I frequently hear crew say "OK what have we done wrong now?" as I walk up the steps to speak to the them.
I agree there are some heavy handed Ramp safety teams around who tend to be over the top.

llanfairpg 8th Jan 2008 00:35


after all Pax supervised by Hi Viz Ramp agents don't have to wear them,
That is because pax are generally walking on prescribed marked walkways.

You know at the end of the day flying is a discipline and some pilots just cannot comply with rules and regulations they do not agree with. If they replaced High Vis jackets with captains jackets and 4 gold stripes I wonder how many would complain then?

172driver 8th Jan 2008 07:03


Attending to someone who has been hit down without wearing a Hi Viz tabard on an airfield certainly changed my view many years ago on wearing hi viz.
With this kind of logic, you would advocate the wearing of hi-viz vests on any public road then ? :ugh::ugh::ugh:

Get a life :yuk: (which is something the H&S morons obviously lack)

Sedbergh 8th Jan 2008 07:28

Since I nearly took out a pedestrian wearing a black hat, black jacket and black trousers on an unlit country road the other night I don't think that's an entirely stupid suggestion!!!! - coz there are morons out there who seem to have forgotten the old "wear somthing light at night" adverts

A and C 8th Jan 2008 07:40

HI-VIS
 
It is the usual nanny state thing produced by H&S experts and enforced by jobsworths.

This all comes about due to the state having to find employment for the people who can't do anything productive, H&S and Security are the easy place to put these pepole to keep them out of the unemployment statistics.

This would not be a problem if only they could see that we are being kind to them by giving them something to do all day. But NO they are so stupid that they have let the power go to the head and all become as my grandma would say "little Hitlers".

On a dark night on a busy ramp I can see the need for the Hi-VIS but on a summers day at Kemble ? I think not!!

TheOddOne 8th Jan 2008 07:46


With this kind of logic, you would advocate the wearing of hi-viz vests on any public road then ?
Yes, I would! There was a lad tragically killed on the M40 last weekend. He stepped out of a car that had been involved in an accident and was struck by another passing vehicle. I believe it was dark at the time, stand to be corrected.

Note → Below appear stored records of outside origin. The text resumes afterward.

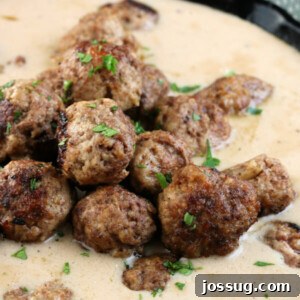 Closeup of Swedish Meatballs in gravy, illustrating their rich texture and appetizing appearance.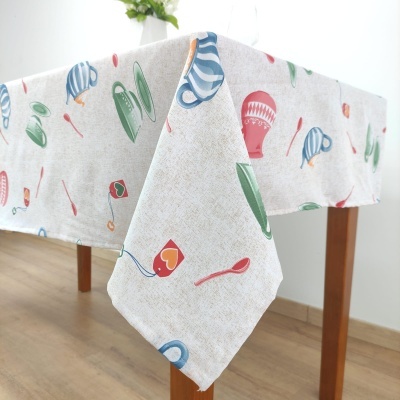 Toalha de mesa bege com padrão colorido de objetos de cozinha sobre mesa de madeira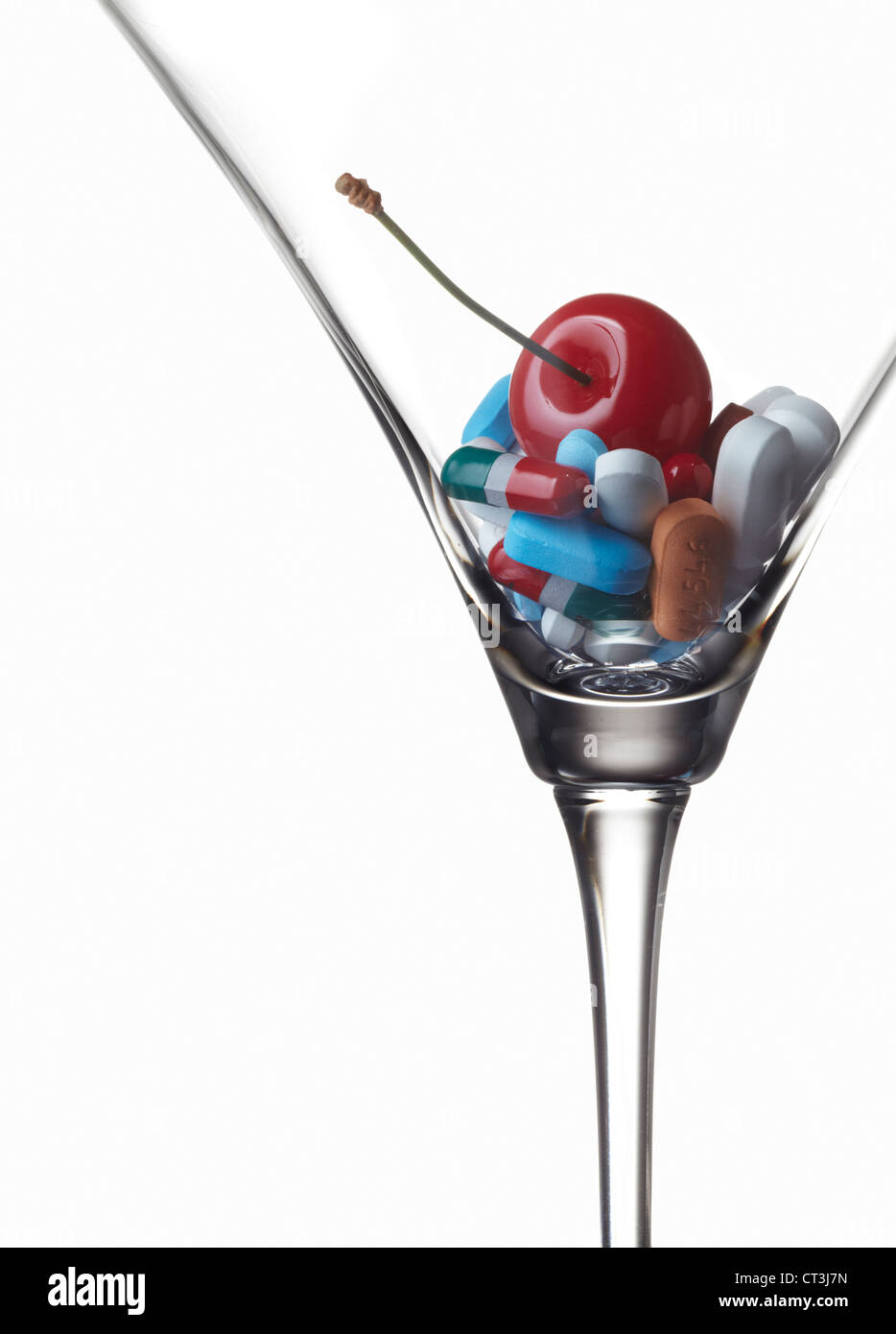 Close up of pills in cocktail glass Stock Photo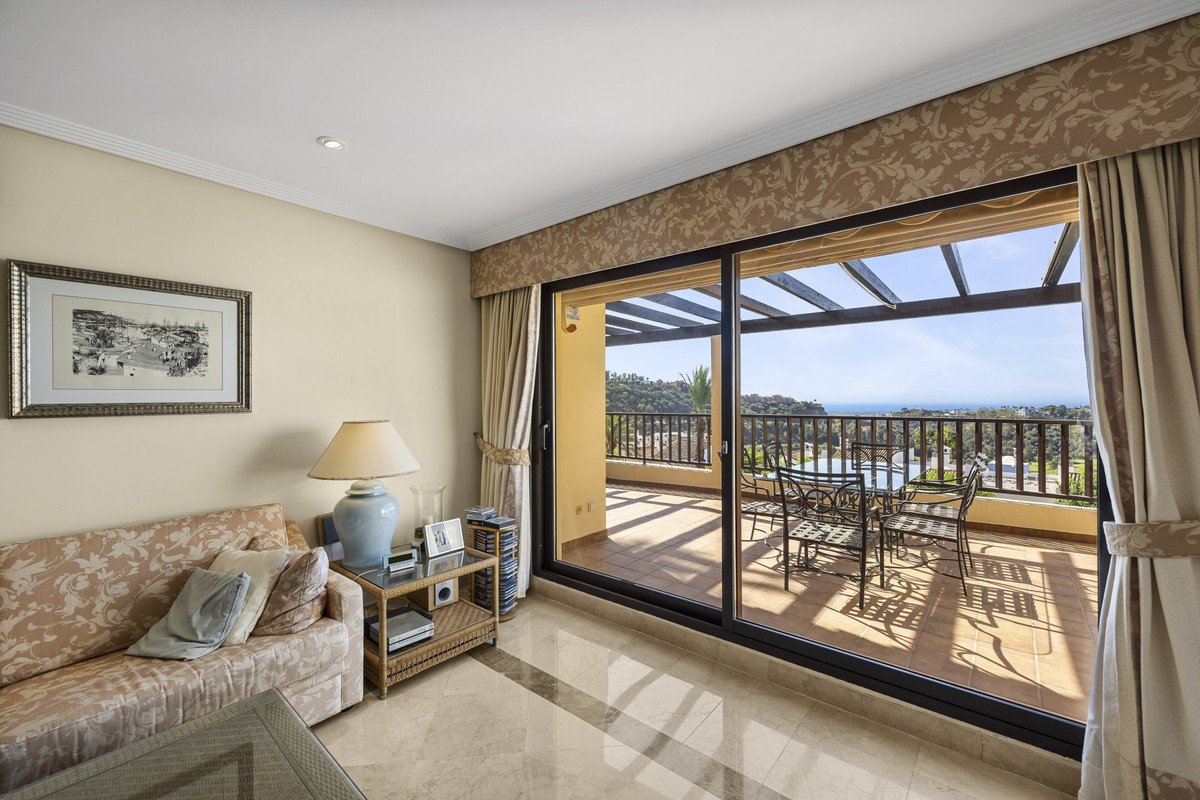 Living room with sofa, opening to a spacious balcony with sea view, outdoor dining table and chairs.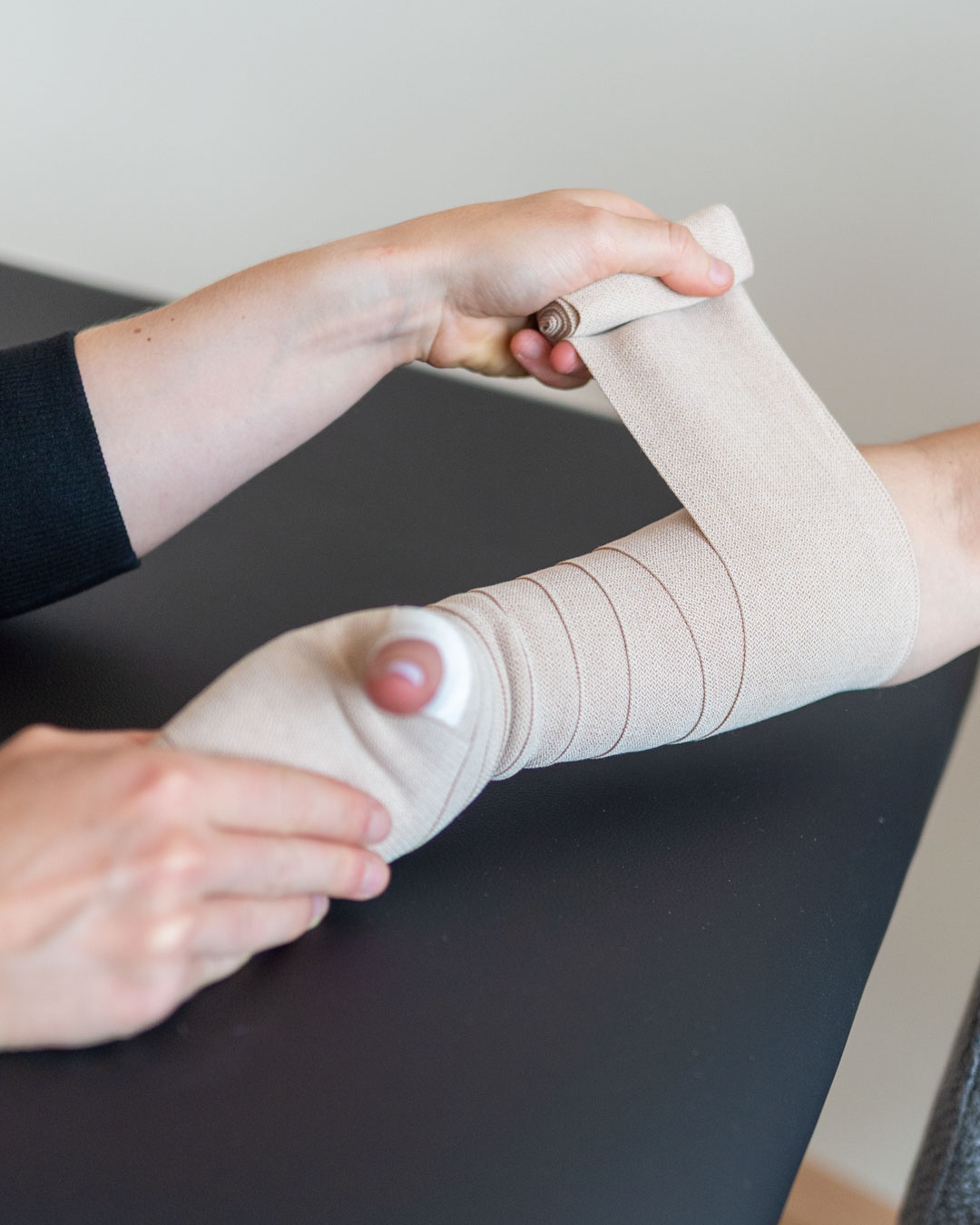 Das Bild zeigt eine Therapeutin, die sorgfältig einen Kompressionsverband am Arm eines Patienten anlegt – ein zentraler Bestandteil der Manuellen Lymphdrainage. Diese Behandlung unterstützt den Lymphfluss, reduziert Schwellungen und fördert die Heilung nach Operationen oder bei Lymphödemen. Die präzise Wickeltechnik ist entscheidend für eine effektive und angenehme Therapie.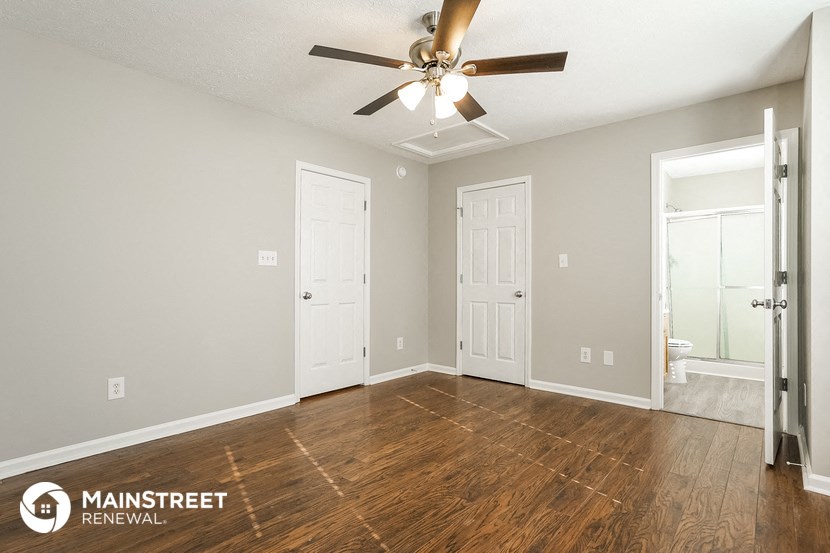 the spacious living room with wood flooring and a ceiling fan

One of the more dangerous places to work on the planet is on the hard shoulder of a motorway. Formal work sites are now carefully segregated; you see signs saying 'lane closed for protection of workforce', but collecting and putting out road works signs kills workers every year. They reckon you've got about 20 mins on a motorway hard shoulder before your vehicle will be struck. That's why it's better to get out of the vehicle (nearside) and sit up the bank.

We kill more pedestrians on British roads than most other European contries, sadly many of them are children. Partly this is vehicle drivers going too fast for the conditions and partly pedestrians not taking due care for themselves. 'Wear something white at night' is STILL good advice, it doesn't snow very much any more!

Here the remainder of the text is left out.